Was es kann

Goal

Provide a very easy way to run one program with different settings on a bunch of computers in parallel and collect the results. Simple configuration and wide applicability is the aim. Fault tolerance in respect to network and adminstration errors. Why not use something like MPI? Well, not all programs are witten in C ;-). It needs a lot of effort to adapt it to a new program and one needs to setup MPI on the slave computers.

Terminology

To make this side easier to understand let's clarify some terms.

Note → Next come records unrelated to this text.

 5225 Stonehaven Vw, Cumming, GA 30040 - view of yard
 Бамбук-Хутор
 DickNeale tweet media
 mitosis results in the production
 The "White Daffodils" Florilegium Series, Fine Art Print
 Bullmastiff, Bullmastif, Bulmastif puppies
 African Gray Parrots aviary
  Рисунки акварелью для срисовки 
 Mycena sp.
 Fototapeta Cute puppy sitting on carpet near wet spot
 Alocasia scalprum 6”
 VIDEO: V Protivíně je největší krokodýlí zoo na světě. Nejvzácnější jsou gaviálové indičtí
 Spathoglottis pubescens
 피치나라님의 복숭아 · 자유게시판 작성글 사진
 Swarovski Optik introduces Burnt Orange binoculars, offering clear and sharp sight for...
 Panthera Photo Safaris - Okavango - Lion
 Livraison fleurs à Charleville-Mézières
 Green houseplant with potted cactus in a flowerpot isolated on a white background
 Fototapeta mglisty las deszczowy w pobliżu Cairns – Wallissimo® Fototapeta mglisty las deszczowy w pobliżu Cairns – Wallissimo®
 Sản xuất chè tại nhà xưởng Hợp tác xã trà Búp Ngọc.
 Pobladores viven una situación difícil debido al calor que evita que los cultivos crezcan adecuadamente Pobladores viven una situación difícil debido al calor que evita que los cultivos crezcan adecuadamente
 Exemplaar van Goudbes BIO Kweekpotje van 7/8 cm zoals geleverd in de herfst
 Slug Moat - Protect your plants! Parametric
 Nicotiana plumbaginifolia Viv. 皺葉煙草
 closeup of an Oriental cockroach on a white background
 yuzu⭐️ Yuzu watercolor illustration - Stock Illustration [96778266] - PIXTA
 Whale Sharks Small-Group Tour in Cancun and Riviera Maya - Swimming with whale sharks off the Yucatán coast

Master	is the computer where the server runs
Slave	is one of many computers that do the work
Server	program that coordinates the process
Client	program that runs on slaves
Worker	program that does the computation (nearly any)
Task	a set of parameters/ settings for the Worker
Result	a file with the results of the computation
SessionID	unique number for client-server communication (should be unique over multiple runs)
Ticket	computation identification. Unique within one run.

Features

one master computer with server program (acts as HTTP server). SSH and SCP is needed to get the client program to the slaves and start it.
list of slave computers (host names or IPs).
command specification: commandline pattern with place holders for variables and input file generation
result specification: standart output and/or files (NEW: large file support)
validation of the results on the master
- non_empty test
- one_line test
- custom code possible
list of tasks characterised through parameters.
timeouts and multiply task assigments if necessary
simple online (via Web) and offline statistics: which slave did what and which parameter sets failed.
test mode
NFS aware
platform dependent workers possible ( scheduled for 0.7 )
collecting rules (for normal results):
- plain concat
- concat, but with task ID
- blockwise with parameters and task ID
- custom code possible
collecting rules (for large results):
- plain concat
- size dependent split
- every result in own file